Every node in Netdata has one or more node instances: the combination of the Node ID, and the Claim ID of the Agent that represents the node. For nodes connected directly to Cloud (hops = 0), the Claim ID is that of the node's Agent itself, for nodes connected through a Parent (including virtual nodes), it is the Parent Agent's Claim ID (hops > 0). Metrics data can be available at any of the node instances and alerts are fired on behalf of a node instance. Cloud ensures proper query routing and alert aggegation.

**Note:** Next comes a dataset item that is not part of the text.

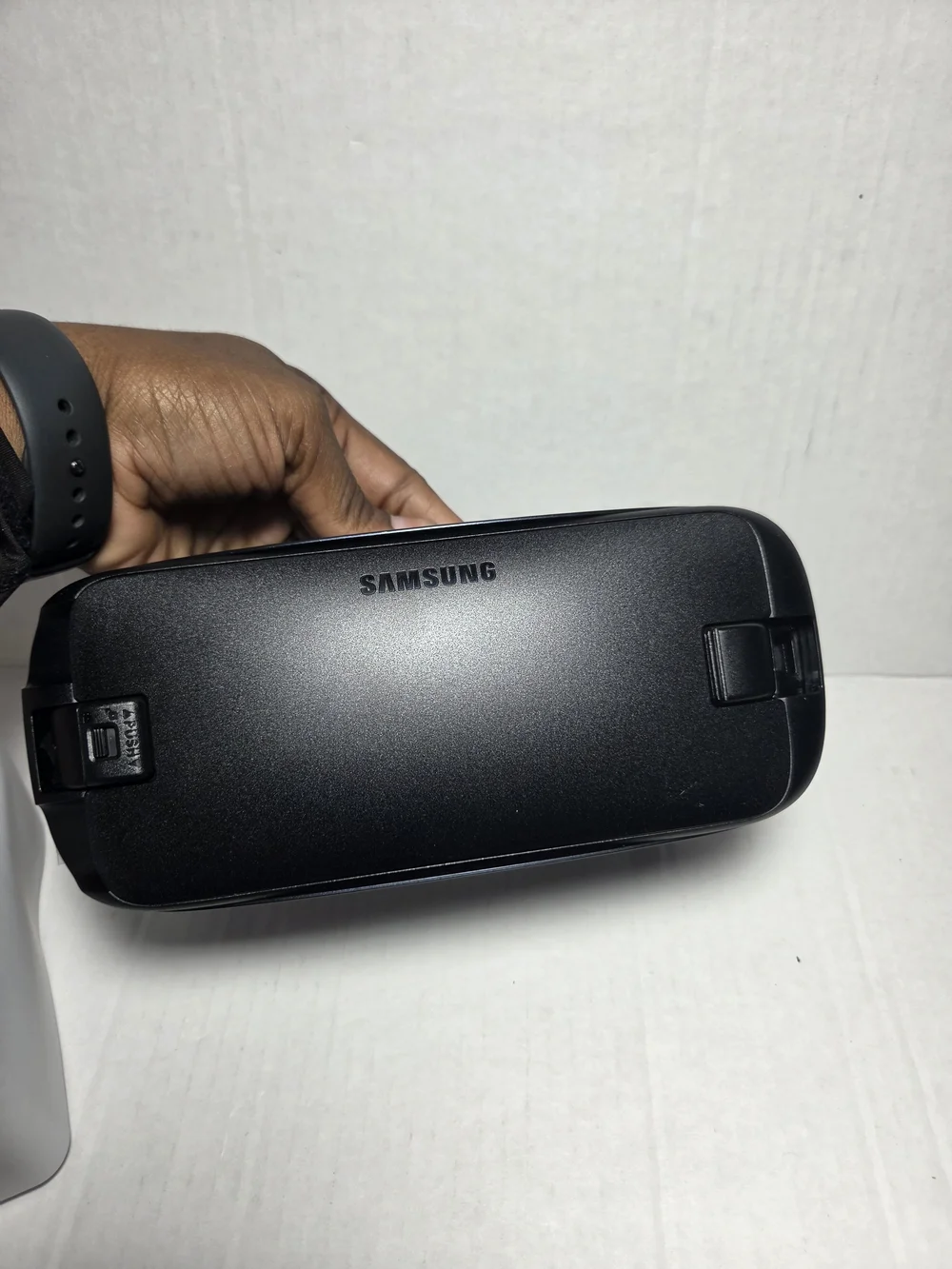Samsung Gear VR Black Smartphone Headset Micro USB 5.7in w/ Box Strap & Cable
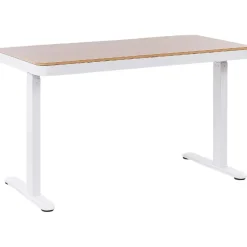Beliani KENLY - Verstelbaar bureau - Wit - 120 cm - Vezelplaat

The node instances with hops > 0 can currently be in the following states:

  • Online: the node is available (the child/leaf Agent is running and providing new metrics) and queryable (there is metrics data available for querying).
  • Stale: the node is not available, but there's still previous data stored that can be queried.
  • Offline: the node is not available and there's no metrics data to be queried.
  • Pruned: the node is not available, not queryable, and not included in requests for lists of node instances.

The offline state can be achieved in two ways:

  1. The Agent where the node instance resides actively signals Cloud that the node is not queryable there anymore. Either because it was explicitly marked as removed, or because its metrics data has expired from retention.
  2. The Agent where the node instance resides is not connected to Cloud itself (offline).

The pruned state is when a node instance has been offline for more than 60 days.

The problem is that the state offline does not bring any value to the user: the Agent does not have any data to be queried anymore and just confuses users. E.g. when moving a child Agent to stream to a different set of parent Agents.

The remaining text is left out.